At the same time, it's unlikely that corporate executives, charged with keeping their companies razor-sharp in the face of relentless global competition, will soften their edge. As Mobil's Adams put it: "There's a very intense determination in executive suites across America not to give away hard-fought improvements. It may be a long time before this shakes through and wages rise."
If anything, things could get worse before they get better. "If the economy slumps, the pressure on wages will get even more intense," says former Fed Governor Angell, now the chief economist at Bear Stearns.
Longer term, of course, the argument is that as economies grow overseas, they will buy more U.S.-made goods, creating more jobs and demand here. Over a truly extended time frame, overseas wages will rise to meet ours. But we are currently in uncharted waters, and the plain truth is that no one knows how long it will take to get to this economic nirvana--assuming we eventually do--or at what level global wage equilibrium will settle. "The new standard in this country is how much value people are adding vs. what people elsewhere in the world can add," says Edward Lawler, a management professor at the University of Southern California.
In the meantime, the burden is likely to fall on the political system to educate and contain an increasingly distressed workforce. The elections last November highlighted an angry, frustrated population. So far, however, most of the debate has centered on Big Government and excessive taxes. Even left-leaning Democrats such as Labor Secretary Robert B. Reich have focused on attacking corporate welfare and tax breaks for the rich.
But as the '96 campaign heats up amidst a softening economy, the class-warfare rhetoric of a Jesse Jackson or the economic nationalism of a Pat Buchanan or Ross Perot may get a wider hearing. "The people who voted for change in 1992 and 1994 comprise a vast swing group of voters, disillusioned and angry, with no strong party allegiance," says Reich.

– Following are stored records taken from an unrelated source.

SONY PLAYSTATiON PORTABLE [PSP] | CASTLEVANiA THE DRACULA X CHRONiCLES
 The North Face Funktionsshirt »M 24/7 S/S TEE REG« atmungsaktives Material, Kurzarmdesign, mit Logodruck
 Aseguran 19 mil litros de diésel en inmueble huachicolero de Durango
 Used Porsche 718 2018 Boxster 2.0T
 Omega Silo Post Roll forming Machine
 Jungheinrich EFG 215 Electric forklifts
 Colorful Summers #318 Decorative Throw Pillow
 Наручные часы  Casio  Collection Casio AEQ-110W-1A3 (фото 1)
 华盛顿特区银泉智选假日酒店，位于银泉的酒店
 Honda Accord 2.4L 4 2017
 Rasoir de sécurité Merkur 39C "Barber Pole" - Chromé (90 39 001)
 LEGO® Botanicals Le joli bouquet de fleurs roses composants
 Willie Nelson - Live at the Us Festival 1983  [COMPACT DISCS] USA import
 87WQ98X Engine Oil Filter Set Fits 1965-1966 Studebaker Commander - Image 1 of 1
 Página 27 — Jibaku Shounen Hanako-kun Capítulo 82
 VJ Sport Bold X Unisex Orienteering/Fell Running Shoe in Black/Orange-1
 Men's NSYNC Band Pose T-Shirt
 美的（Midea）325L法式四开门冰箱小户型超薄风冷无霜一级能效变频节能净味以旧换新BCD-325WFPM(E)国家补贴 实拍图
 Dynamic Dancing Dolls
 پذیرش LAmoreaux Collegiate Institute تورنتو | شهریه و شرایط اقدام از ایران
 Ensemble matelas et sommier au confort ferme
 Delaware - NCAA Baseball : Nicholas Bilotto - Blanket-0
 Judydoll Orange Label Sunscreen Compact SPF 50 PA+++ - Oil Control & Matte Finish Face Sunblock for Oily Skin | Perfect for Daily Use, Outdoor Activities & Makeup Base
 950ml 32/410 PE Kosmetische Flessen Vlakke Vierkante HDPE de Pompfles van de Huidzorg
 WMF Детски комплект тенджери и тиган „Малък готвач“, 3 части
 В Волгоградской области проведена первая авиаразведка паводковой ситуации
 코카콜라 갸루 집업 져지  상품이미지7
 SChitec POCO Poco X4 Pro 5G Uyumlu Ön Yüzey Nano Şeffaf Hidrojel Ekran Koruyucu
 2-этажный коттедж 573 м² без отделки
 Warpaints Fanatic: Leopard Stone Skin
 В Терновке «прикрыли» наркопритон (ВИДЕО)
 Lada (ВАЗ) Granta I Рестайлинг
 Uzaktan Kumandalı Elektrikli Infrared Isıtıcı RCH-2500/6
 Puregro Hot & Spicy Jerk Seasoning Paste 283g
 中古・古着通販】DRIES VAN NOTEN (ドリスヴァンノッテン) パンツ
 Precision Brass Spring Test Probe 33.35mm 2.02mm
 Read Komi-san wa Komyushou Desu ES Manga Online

Experts of all political stripes have worried about the widening inequality between high- and low-skilled workers in recent years. And the gap continues to swell because blue-collar types are slipping faster than professionals. In the past few years, however, all but the most elite employees have landed in the same leaky boat. If they all come to stress their common fate more than their differences, it could spell trouble for corporations and politicians alike.